* _Task description_
Copy exactly the lines of the data below that run from the line holding "Slow cooker beef" through the line holding "Habitación de hotel", both ends included.

* _Stored data_
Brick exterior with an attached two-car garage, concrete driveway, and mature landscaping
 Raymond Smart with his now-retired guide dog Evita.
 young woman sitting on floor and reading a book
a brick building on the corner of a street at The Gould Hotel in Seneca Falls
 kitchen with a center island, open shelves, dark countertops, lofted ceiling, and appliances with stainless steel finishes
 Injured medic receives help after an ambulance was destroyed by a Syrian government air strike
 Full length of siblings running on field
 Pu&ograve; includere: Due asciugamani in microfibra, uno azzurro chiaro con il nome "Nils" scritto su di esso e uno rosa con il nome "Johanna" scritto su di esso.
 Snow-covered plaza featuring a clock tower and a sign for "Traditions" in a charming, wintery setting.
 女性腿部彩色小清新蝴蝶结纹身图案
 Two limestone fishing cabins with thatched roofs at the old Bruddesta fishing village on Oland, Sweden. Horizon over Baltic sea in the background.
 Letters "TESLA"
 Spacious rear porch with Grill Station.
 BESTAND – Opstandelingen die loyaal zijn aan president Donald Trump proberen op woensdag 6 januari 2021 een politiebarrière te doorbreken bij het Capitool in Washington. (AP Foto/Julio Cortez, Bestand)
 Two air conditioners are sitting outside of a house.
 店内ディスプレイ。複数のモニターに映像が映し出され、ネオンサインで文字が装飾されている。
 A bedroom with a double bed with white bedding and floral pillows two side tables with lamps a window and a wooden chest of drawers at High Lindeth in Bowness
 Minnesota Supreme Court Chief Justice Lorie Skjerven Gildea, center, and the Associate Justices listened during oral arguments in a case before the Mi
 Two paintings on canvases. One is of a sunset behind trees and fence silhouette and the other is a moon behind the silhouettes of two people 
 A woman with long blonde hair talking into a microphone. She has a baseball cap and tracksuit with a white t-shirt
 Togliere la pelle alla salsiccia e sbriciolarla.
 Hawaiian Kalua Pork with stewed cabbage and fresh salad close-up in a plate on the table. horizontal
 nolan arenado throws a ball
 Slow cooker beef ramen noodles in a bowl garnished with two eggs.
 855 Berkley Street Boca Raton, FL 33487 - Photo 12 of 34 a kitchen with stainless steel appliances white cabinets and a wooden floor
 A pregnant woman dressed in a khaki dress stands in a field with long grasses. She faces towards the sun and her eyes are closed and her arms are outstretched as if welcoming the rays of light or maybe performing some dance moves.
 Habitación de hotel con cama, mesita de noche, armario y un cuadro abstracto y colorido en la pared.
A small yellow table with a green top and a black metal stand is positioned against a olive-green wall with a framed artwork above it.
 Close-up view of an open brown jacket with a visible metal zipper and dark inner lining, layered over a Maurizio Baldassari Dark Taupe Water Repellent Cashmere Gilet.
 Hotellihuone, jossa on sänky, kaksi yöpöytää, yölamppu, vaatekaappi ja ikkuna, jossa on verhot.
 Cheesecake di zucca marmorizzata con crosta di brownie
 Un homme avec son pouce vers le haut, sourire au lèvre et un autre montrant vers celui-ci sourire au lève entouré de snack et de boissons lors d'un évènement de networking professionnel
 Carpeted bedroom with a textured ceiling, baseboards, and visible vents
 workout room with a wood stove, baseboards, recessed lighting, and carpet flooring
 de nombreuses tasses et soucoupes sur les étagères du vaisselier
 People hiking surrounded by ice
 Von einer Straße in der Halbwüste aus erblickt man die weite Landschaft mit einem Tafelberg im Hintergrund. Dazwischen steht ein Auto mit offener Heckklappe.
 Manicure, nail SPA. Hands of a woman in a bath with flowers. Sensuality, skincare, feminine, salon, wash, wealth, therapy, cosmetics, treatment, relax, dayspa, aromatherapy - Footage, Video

* _Finished exercise_
 Slow cooker beef ramen noodles in a bowl garnished with two eggs.
 855 Berkley Street Boca Raton, FL 33487 - Photo 12 of 34 a kitchen with stainless steel appliances white cabinets and a wooden floor
 A pregnant woman dressed in a khaki dress stands in a field with long grasses. She faces towards the sun and her eyes are closed and her arms are outstretched as if welcoming the rays of light or maybe performing some dance moves.
 Habitación de hotel con cama, mesita de noche, armario y un cuadro abstracto y colorido en la pared.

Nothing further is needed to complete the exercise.